Denn Gehaltsfragen gehören in Deutschland zu den Tabuthemen. "Dabei würden vor allem die Führungskräfte bei einem Blick auf die Gehaltsabrechnung der Kollegen ins Staunen kommen", schreibt Springer-Autor André Kasten über die Vergütung der Führungskraft (Seite 28). Grund dafür sind die teilweise gravierenden Einkommensunterschiede auf gleicher Führungsebene. Wie richtig Kasten mit der Einschätzung liegt, zeigt der Vergütungsbenchmark des Personalberaters Lurse.
Personalverantwortliche verdienen am wenigsten
Rund 50 Prozent über den durchschnittlichen Einkünften der anderen Geschäftsführungsmitglieder liegen die Einkünfte von CEOs, so das Ergebnis der branchenübergreifenden Befragung von mehr als 240 Gesellschaften und 517 Positionsinhabern nicht-börsennotierter Unternehmen in Deutschland. Geschuldet ist das signifikante Plus der wirtschaftlichen Verantwortung und den repräsentativen Verpflichtungen des Vorstandsvorsitzenden.

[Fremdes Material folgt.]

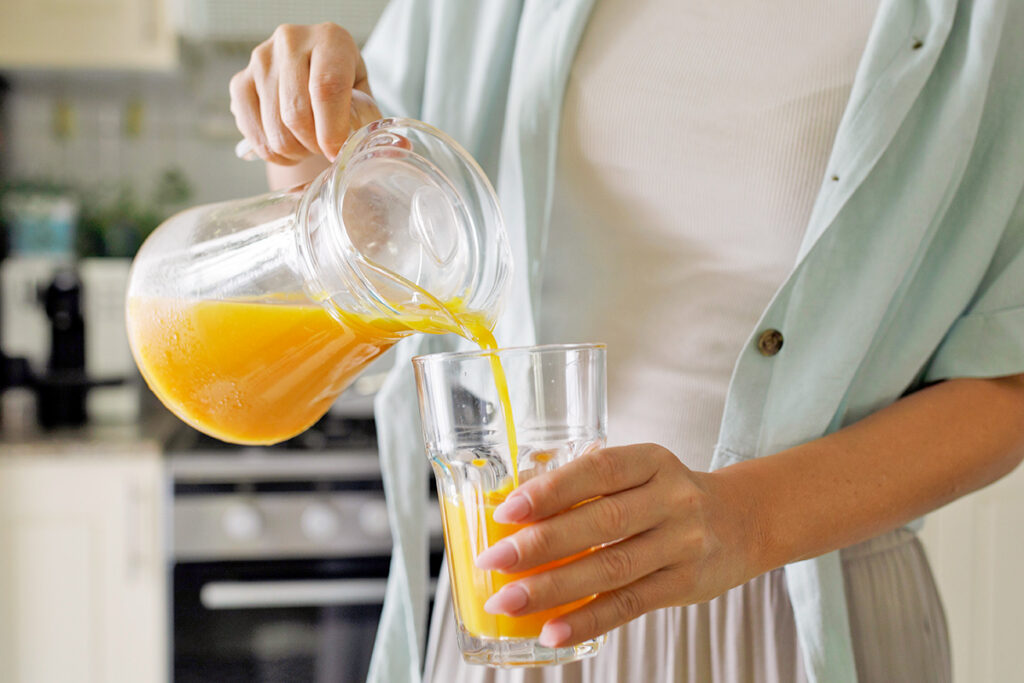 Woman pouring orange juice
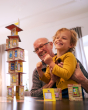 A child and adult happily playing the HABA Rhino Hero Card Stacking Game, sowing a fully build tower card stack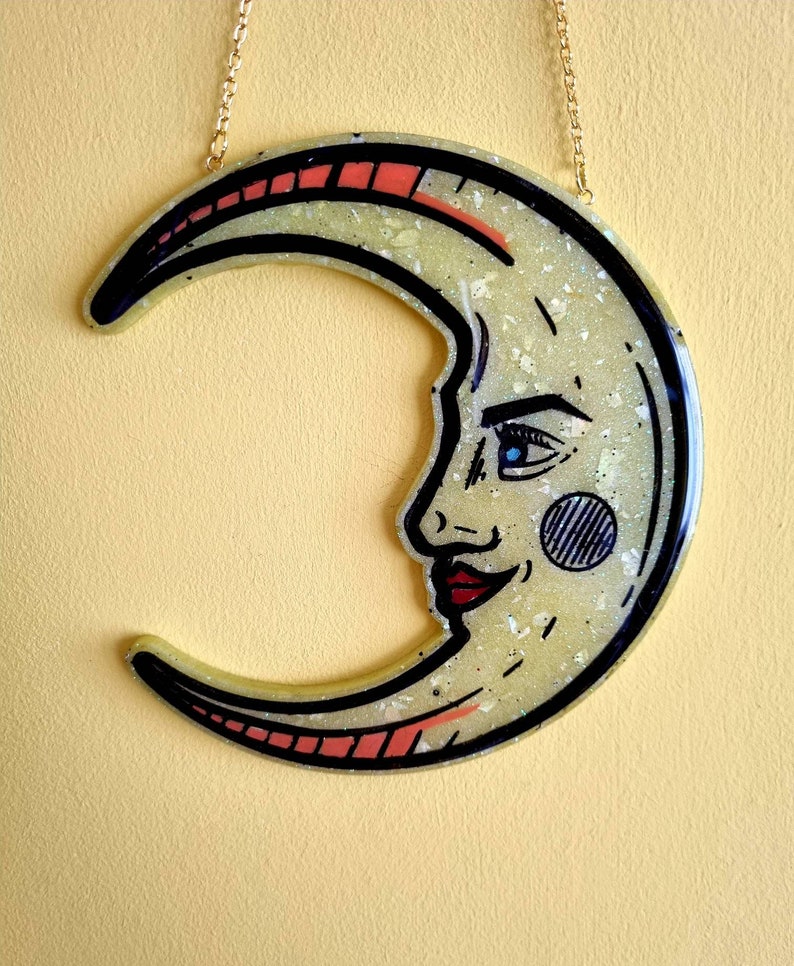 Pode incluir: Um ornamento de resina em forma de lua crescente com acabamento brilhante. A lua tem um rosto com um olho azul, l&aacute;bios vermelhos e um c&iacute;rculo preto e branco na bochecha. O ornamento est&aacute; pendurado em uma corrente dourada.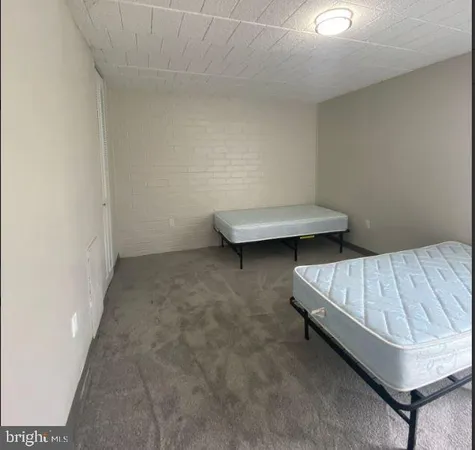 a room with a bed and a couch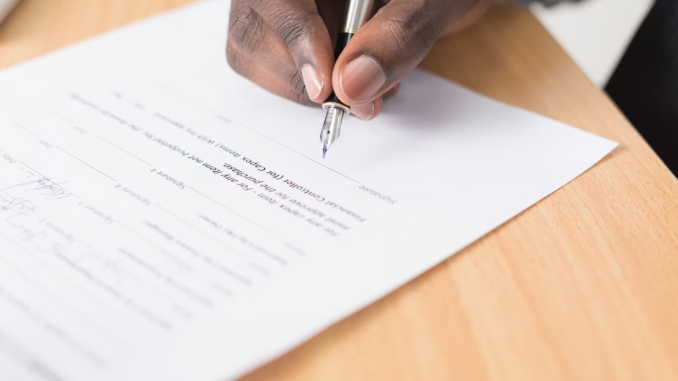 A hand holding a fountain pen filling in a survey.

Das wäre, wie auch Springer-Autor Kasten anmerkt, für Unternehmen "meist auch zu rechtfertigen" (Seite 28). Aber wie kommen die Verdienstunterschiede in den Ressorts zustande? Laut Benchmark verdienen Vertriebschefs im Schnitt sechs Prozent und Technikchefs im Schnitt vier Prozent mehr als die Kollegen der übrigen Ressorts. Das andere Ende der Skala besetzen Personalvorstände. Sie bekommen um die sieben Prozent weniger Vergütung als alle übrigen Mitglieder der Geschäftsführung ausgezahlt.
Anteil an variabler Vergütung auf Managementebene hoch
Die Studie zeigt, mit zunehmender Verantwortung steigen auch die erfolgsabhängigen variablen Anteile der Vergütung in Form von Long Term Incentives (LTI) und Short-Term-Incentives (STI). In mehr als der Hälfte aller Unternehmen wird der LTI zusätzlich zum STI ausgezahlt. Mit der variablen Zieldirektvergütung (STI) setzt übrigens fast jedes Unternehmen (98 Prozent) Anreize.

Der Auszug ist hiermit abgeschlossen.